CdB : Normalement, dans le cadre de la mise en œuvre du plan Ahtisaari, la décentralisation du Kosovo devrait commencer, notamment avec la mise en place de communes serbes. La Serbie s’associera-t-elle à ce processus ? Quels messages le gouvernement va-t-il envoyer aux Serbes du Kosovo ?

VJ : Nous ne nous engagerons pas dans la mise en œuvre du plan Ahtisaari, que nous avons rejeté. Ce serait une grande erreur. Belgrade veut avoir une approche constructive. Nous sommes prêts à discuter, mais sans passer certaines lignes rouges.

CdB : L’intégration européenne est une de vos priorités. Or, la poursuite du processus d’intégration suppose une pleine coopération avec le Tribunal pénal international, et le nouveau ministre de l’Intérieur, Ivica Dačić, vient de déclarer que cette coopération avec le TPI ne serait pas la « priorité » du nouveau gouvernement….
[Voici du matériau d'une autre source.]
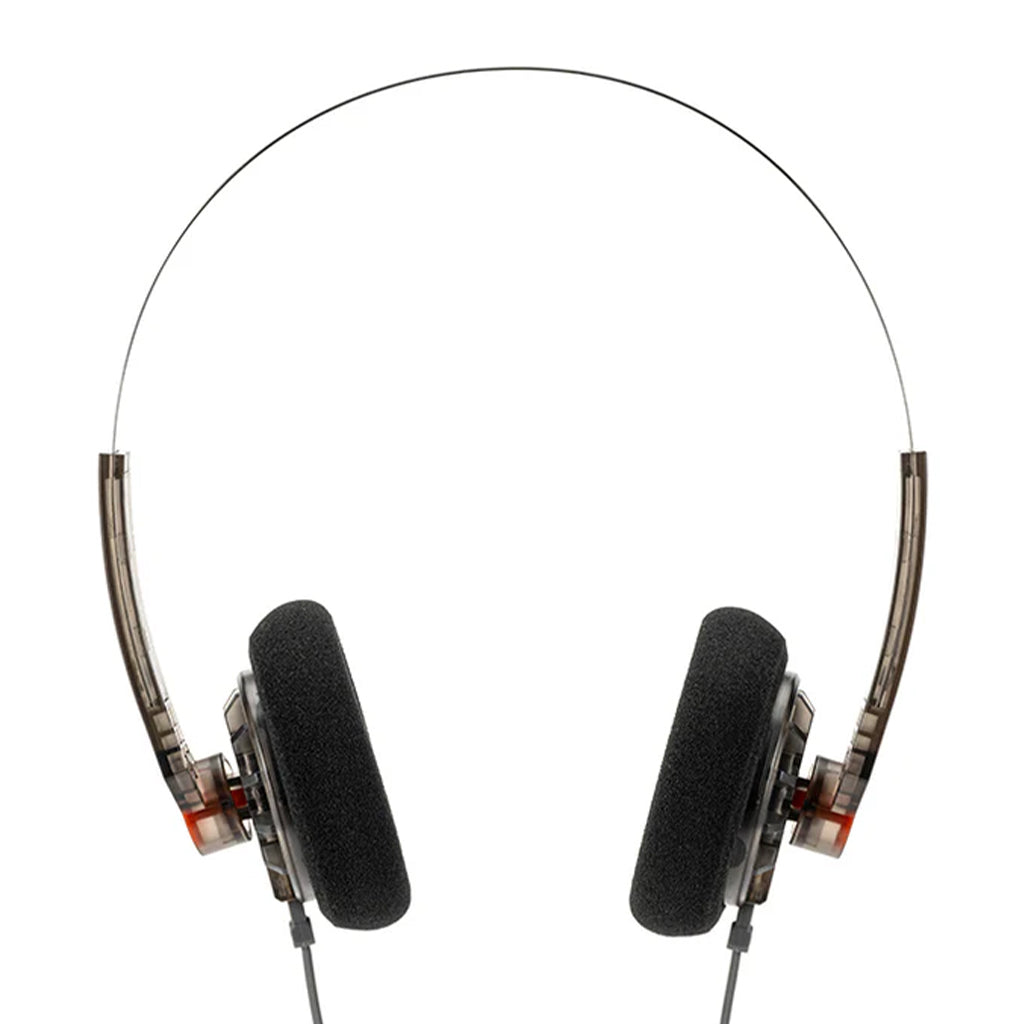 Front view of MOONDROP On-ear Headphone showcasing symmetrical foam ear pads and slim metal headband, ideal for classic audio enthusiasts.
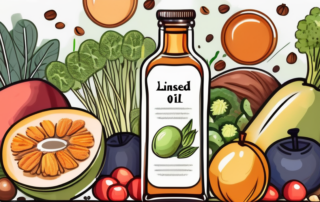 A bottle of linseed oil surrounded by various healthy foods like fruits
VJ : Vous avez dû mal comprendre les propos de M.Dačić. Nous allons pleinement coopérer avec le TPI. Il n’y a aucun dilemme, notre gouvernement fera tout pour lever tous les obstacles sur la voie de l’intégration. Nous avons reçu, en ce sens, un mandat clair de la part des citoyens.

CdB : Vous rencontrez tout à l’heure M.Kouchner. Qu’attendez-vous de cet entretien ?

VJ : Nous devons développer une collaboration étroite avec la France, qui préside l’UE. Notre objectif est d’obtenir le statut officiel de pays candidat d’ici la fin de la présidence française, c’est-à-dire d’ici la fin de l’année. Il existe bien sûr d’importantes différences de points de vue, notamment à propos du Kosovo entre nous, mais nous devons trouver une manière de collaborer, pour avancer vers nos objectifs fondamentaux : la paix et la stabilité dans des Balkans intégrés dans l’Union européenne.